Rivers of London by Ben Aaronovitch

Considering how long it’s been since I’ve visited my own blog, that means that this book had to be something special.  I gave it five stars and a little blurb on Goodreads, but sat here (at my uncomfortable computer desk so feel honoured Mr Aaronovitch) thinking that this book deserved more than just a quick link on Goodreads.  More people will probably read that little blurb on Goodreads than would possibly read this, but the urge to splurge some words hit me, and what is a blog for anyway, but to blurt out our innermost thoughts and feelings, no matter who or what might read them.

As a wannabe writer, my dream is to publish a reasonably well-written tale that is somewhat witty, and clever, and will make people sit up and take notice (and buy it).  I have become a critical reader now, looking for mistakes in others so that I may learn from them and not repeat those mistakes, but after a while, it sort of defeats the purpose of writing, which is to, well, write.  But sometimes, you read something so clever and witty and well-written, that you have to sit down and take your metaphorical hat off to them, because this book is one of those books.

Rivers of London starts off like this:

“It started at one thirty on a cold Tuesday morning in January when Martin Turner, street performer and, in his own words, apprentice gigolo, tripped over a body in front of the West Portico of St Paul’s at Covent Garden.

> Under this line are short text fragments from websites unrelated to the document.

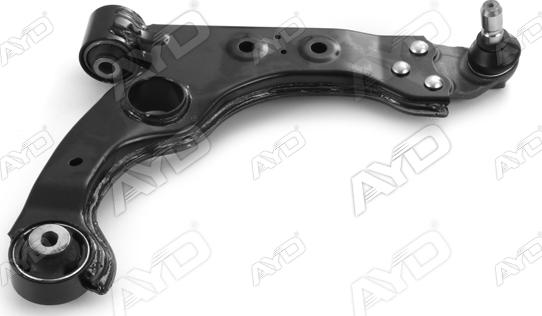 AYD OE - Excellence 97-09991 - Bras de liaison, suspension de roue cwaw.fr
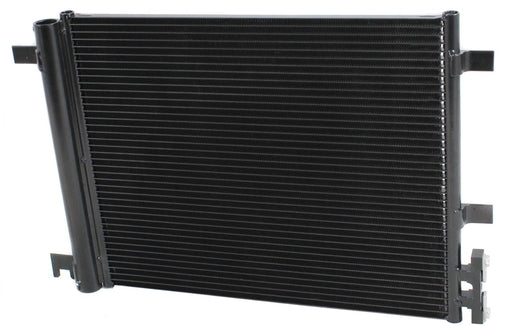 A/C Condenser CarParts KVAC3462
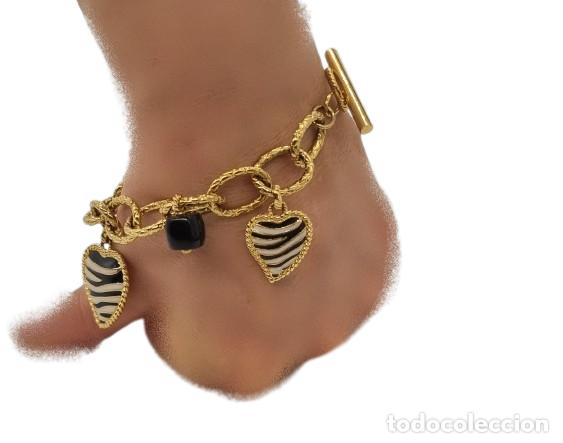 Joyeria: Pulsera Just Cavalli - Foto 4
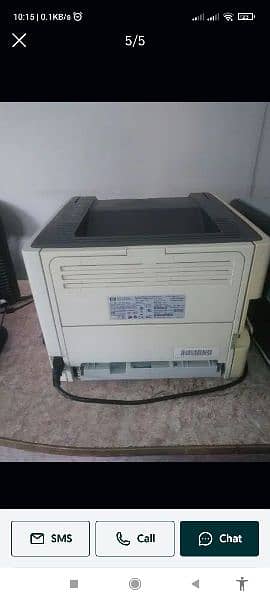 hp printer 2015 excellent condition 3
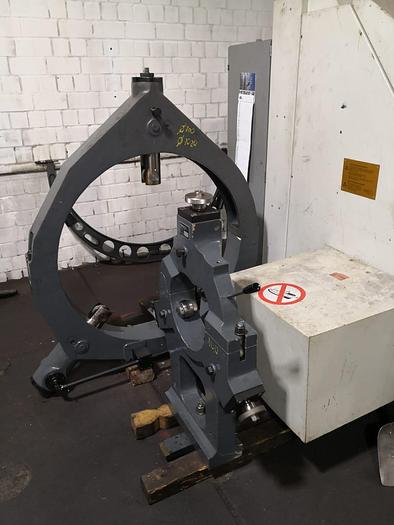 Used 1994 DMG MORI CTX600 DL 2000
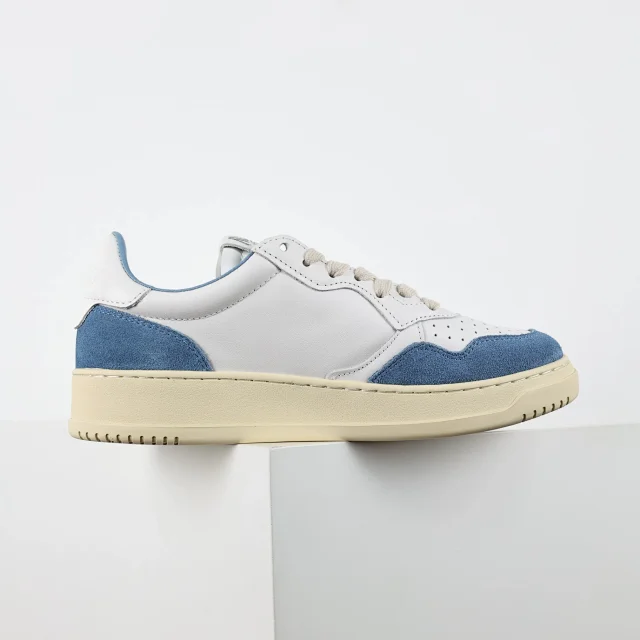 Autry Sneakers Medalist low-top leather product detail image 43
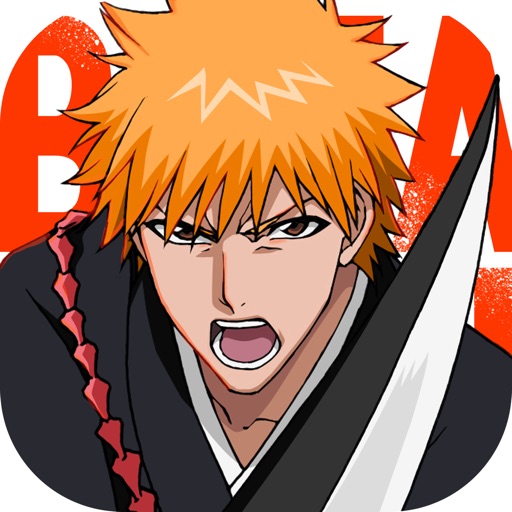 BLEACH Soul Rising-SocialPeta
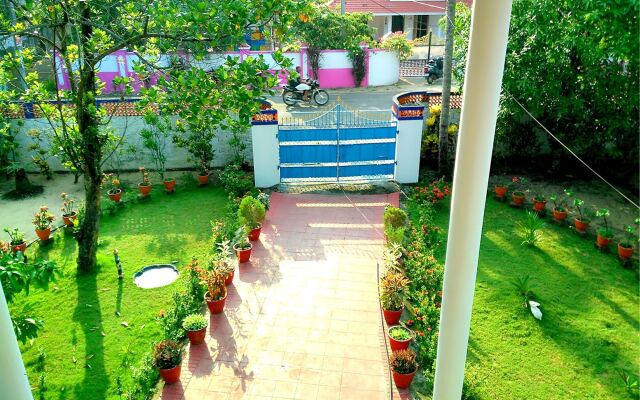Achayans Homestay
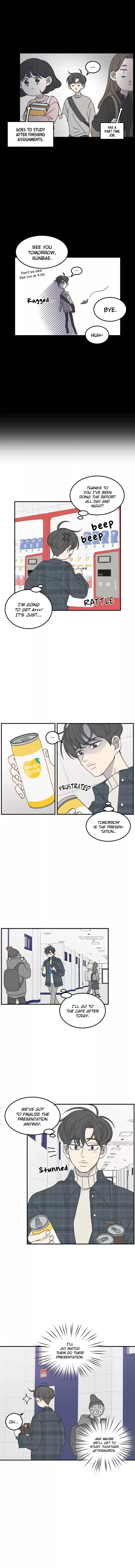 A Guide to Proper Dating Ch. 43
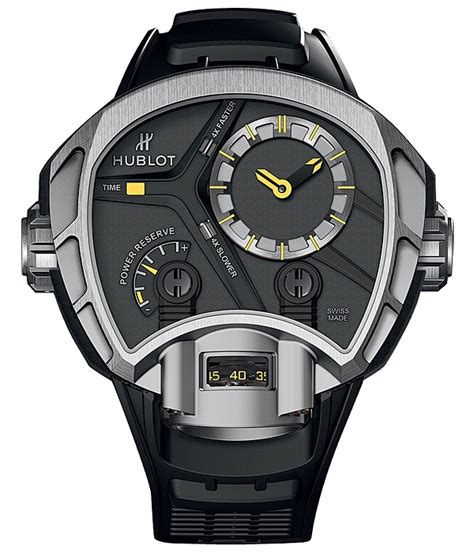 hublot masterpiece mp 02 price|Hublot MP Collection .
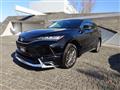 2022 Toyota Harrier Hybrid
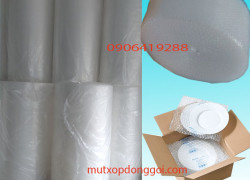 Nhà máy cung cấp màng xốp hơi gói hàng giá rẻ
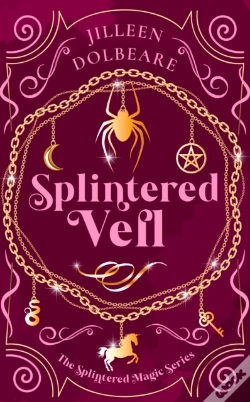 Capa do artigo Splintered Veil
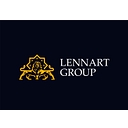 Ekholm, Lennart logo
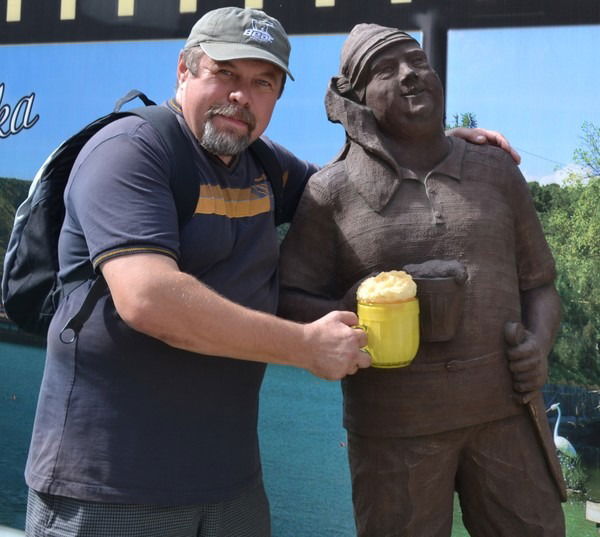 Вячеслав Барков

Martin, who was none too sober himself, at first thought the body was that of one of the many celebrants who had chosen the Piazza as a convenient outdoor toilet and dormitory. Being a seasoned Londoner, Martin gave the body the ‘London once-over’ – a quick glance to determine whether this was a drunk, a crazy or a human being in distress. The fact that it was entirely possible for someone to be all three simultaneously is why good-Samaritanism in London is considered an extreme sport – like base-jumping or crocodile-wrestling. Martin, noting the good-quality coat and shoes, had just pegged the body as a drunk when he noticed that it was in fact missing its head.”

I knew from the moment I read that first paragraph that I was on to something special.  I can’t believe it took me four years to find this book.  Imagine my utter joy when I realised that there are four more books in the series, already published.  That is the best thing about discovering something late.  You don’t get the angst of waiting.  Don’t get me wrong, sometimes waiting is a good thing, but sometimes, you just want instant gratification.  That’s why I always wait for the full season of Game of Thrones to air before i watch the first episode.  That was beside the point.

This book is narrated by PC Peter Grant, a young constable in London, who encounters a ghost at the scene of a grisly murder (that would be the aforementioned headless body).  His paranormal encounter begins an adventure into a life that was hardly what he was expecting, having been told by his supervisor that he was destined to be a glorified clerk.  Aaronovitch’s witty style and grace and gorgeous attention to detail make this book an absolute pleasure to read.  The best part though, is the feeling of place while you read it.  I experienced London as if I was there again, even though I haven’t visited for over ten years. It all came flooding back, and the nostalgia was almost tangible.  I’m not sure how people who’ve never visited London will react to the book, but for me, this was the best part.

I recommend this book to lovers of paranormal fiction, crime fiction, fantasy fiction, fiction, non-fiction, the written word.  Basically, anyone who can read.